+++ Information supplied
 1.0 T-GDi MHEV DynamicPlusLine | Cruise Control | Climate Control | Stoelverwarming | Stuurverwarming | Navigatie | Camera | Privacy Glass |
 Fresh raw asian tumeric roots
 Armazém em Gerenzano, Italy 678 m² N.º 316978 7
++++++
+++ Information supplied
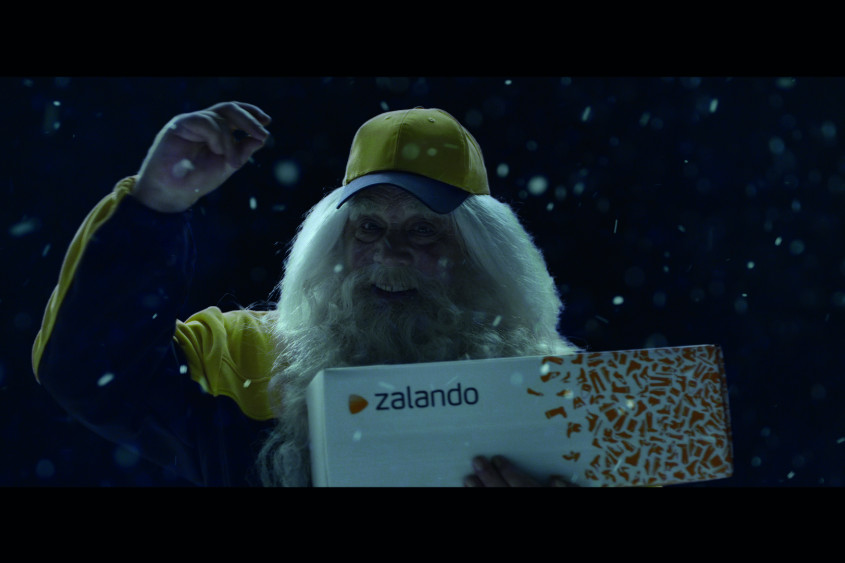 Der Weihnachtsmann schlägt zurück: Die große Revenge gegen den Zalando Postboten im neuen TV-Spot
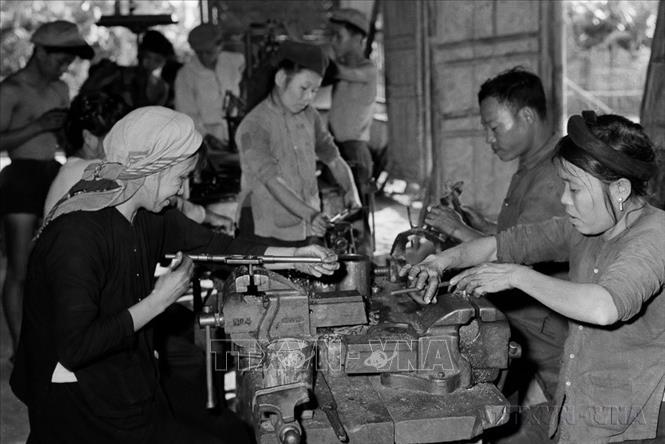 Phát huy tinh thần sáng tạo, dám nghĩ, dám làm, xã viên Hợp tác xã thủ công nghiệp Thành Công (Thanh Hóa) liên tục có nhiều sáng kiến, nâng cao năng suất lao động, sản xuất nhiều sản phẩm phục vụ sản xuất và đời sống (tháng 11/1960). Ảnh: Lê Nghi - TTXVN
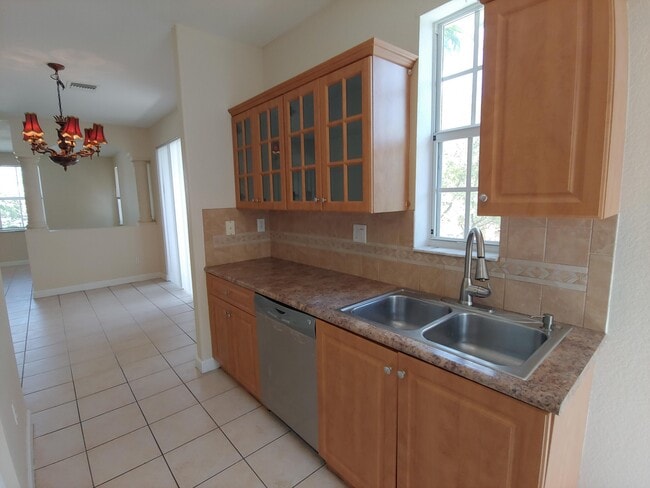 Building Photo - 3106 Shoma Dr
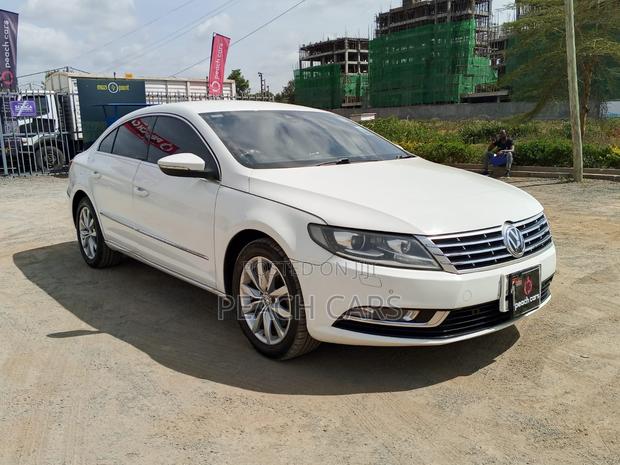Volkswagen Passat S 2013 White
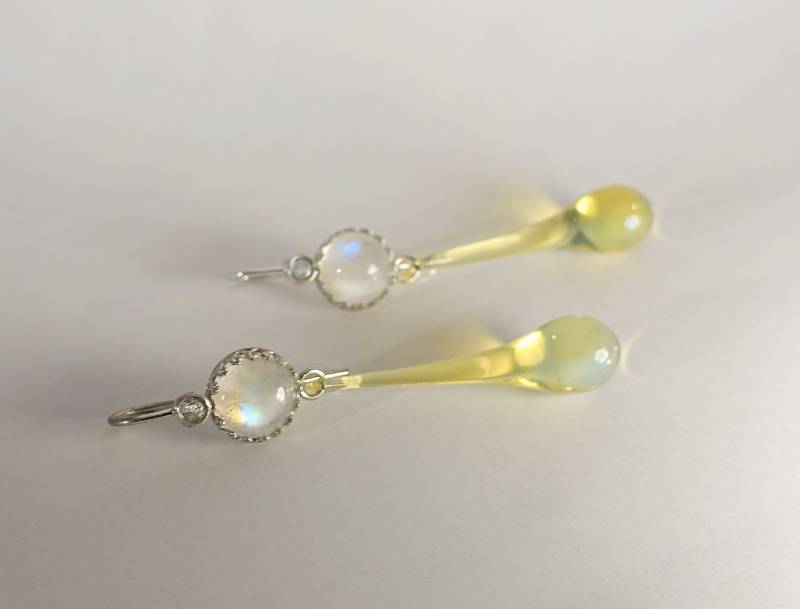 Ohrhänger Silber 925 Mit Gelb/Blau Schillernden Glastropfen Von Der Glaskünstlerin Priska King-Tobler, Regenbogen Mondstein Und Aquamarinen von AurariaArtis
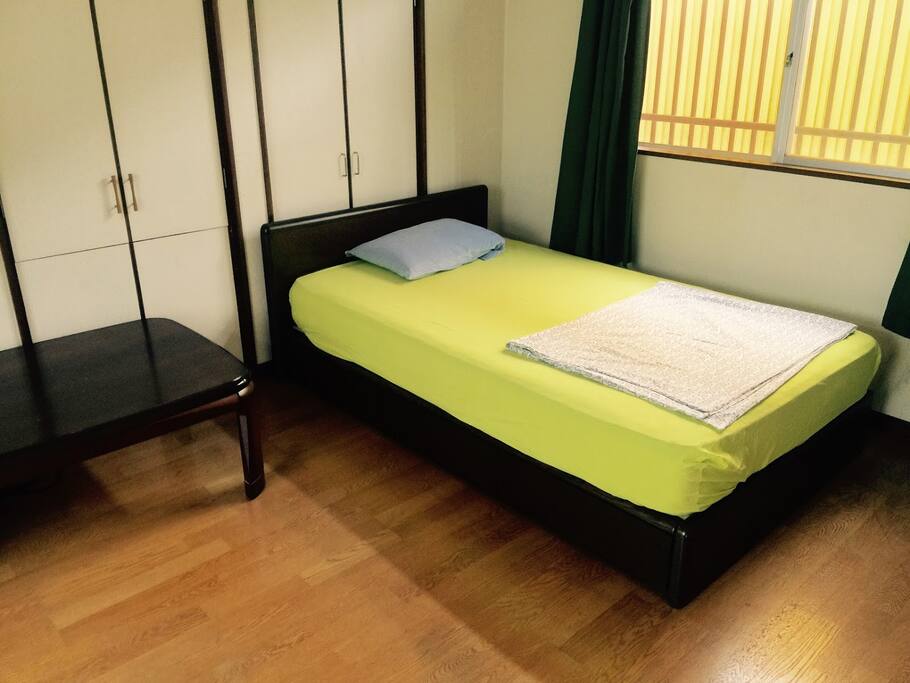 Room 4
++++++
+++ Information supplied
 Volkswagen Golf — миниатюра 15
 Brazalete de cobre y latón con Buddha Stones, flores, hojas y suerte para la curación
++++++
**Work to complete**
Your reply is to repeat, unchanged, the lines above running from the one with "Volkswagen Golf — миниатюра 15" up to and including the one with "Brazalete de cobre".

**Solution**
 Volkswagen Golf — миниатюра 15
 Brazalete de cobre y latón con Buddha Stones, flores, hojas y suerte para la curación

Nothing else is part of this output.